■ Exercise input ■

══════════

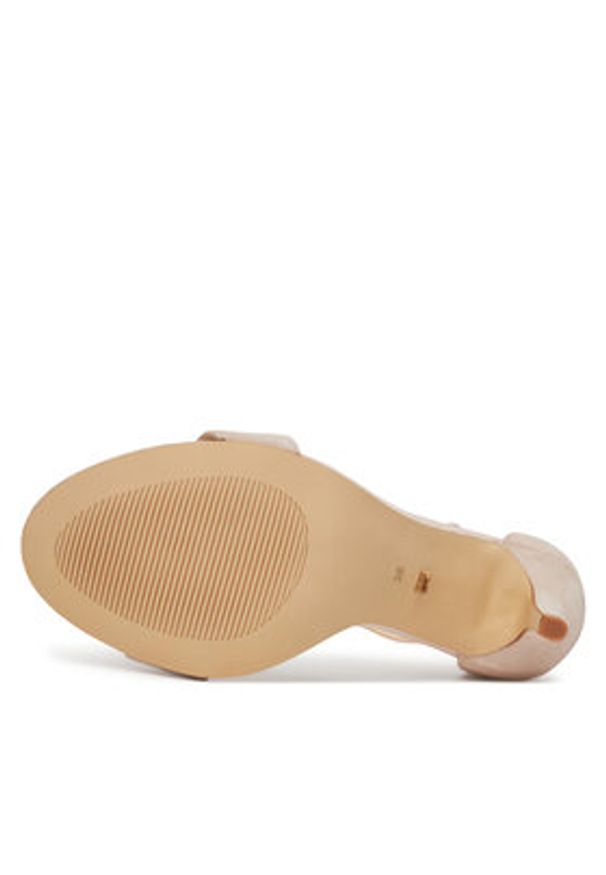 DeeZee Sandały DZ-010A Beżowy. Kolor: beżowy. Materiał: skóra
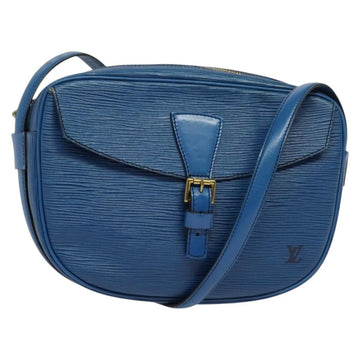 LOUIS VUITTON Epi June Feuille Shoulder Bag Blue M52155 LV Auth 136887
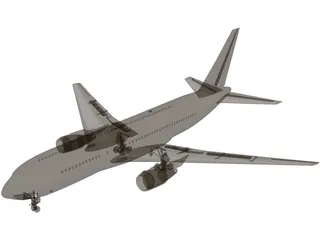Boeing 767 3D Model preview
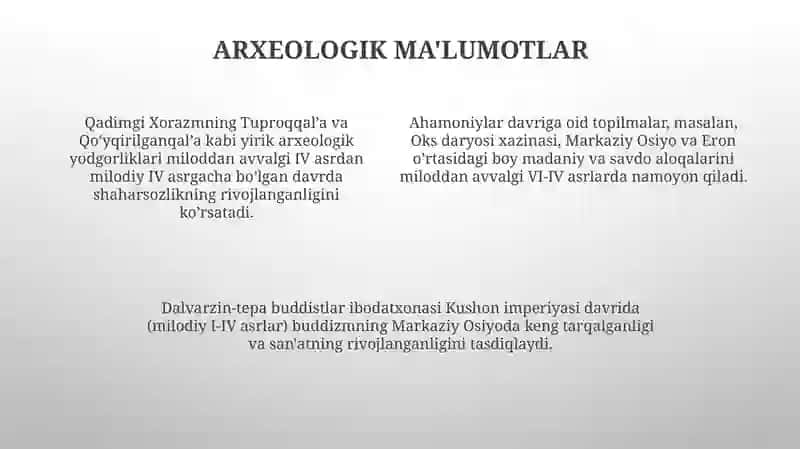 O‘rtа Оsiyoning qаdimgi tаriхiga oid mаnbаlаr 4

══════════

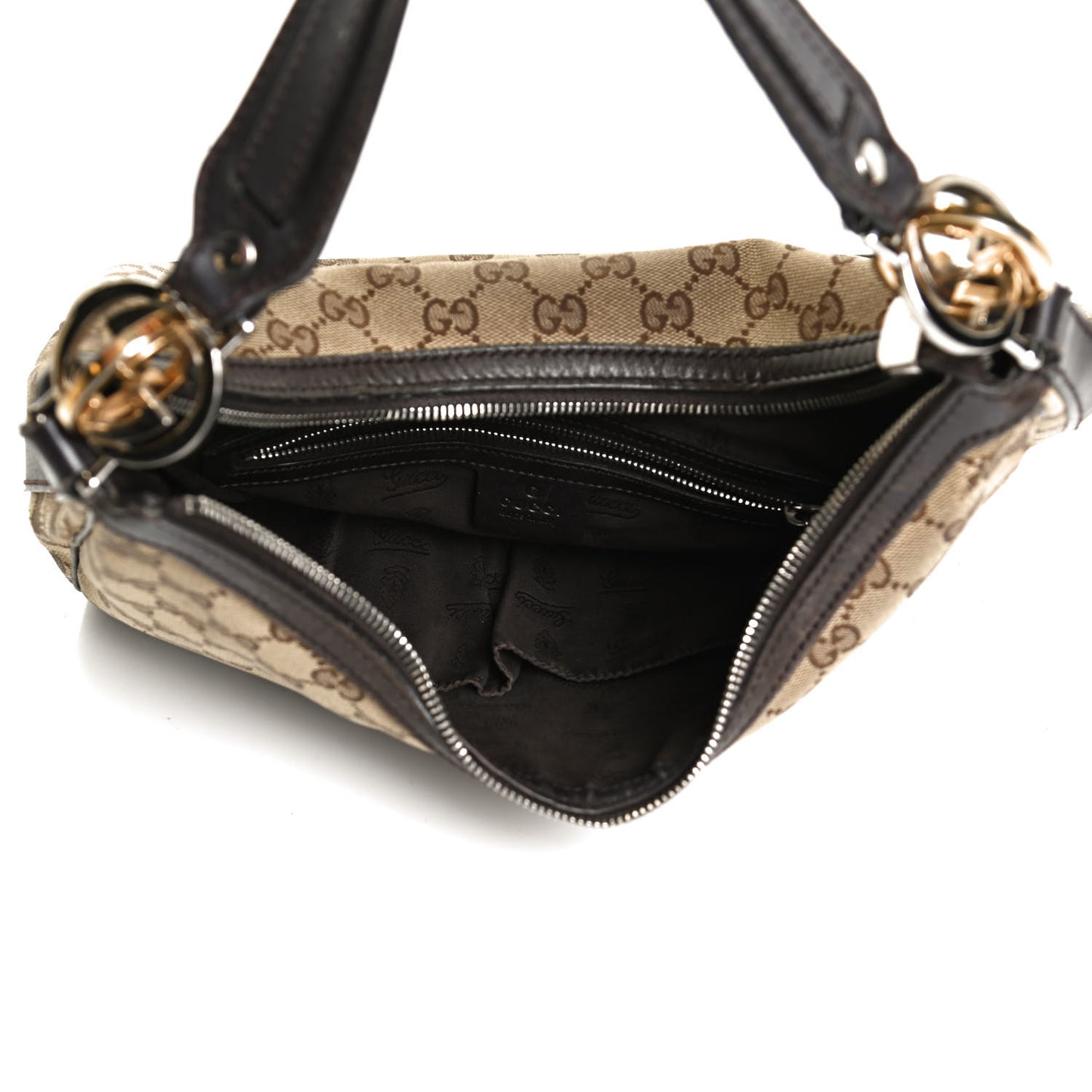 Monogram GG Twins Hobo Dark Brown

══════════

Here the job is to copy the stretch of records from the line containing "Boeing 767 3D Model preview" through the line containing "O‘rtа Оsiyoning qаdimgi", word for word. Leave every picture out.

■ Exercise output ■
Boeing 767 3D Model preview
 O‘rtа Оsiyoning qаdimgi tаriхiga oid mаnbаlаr 4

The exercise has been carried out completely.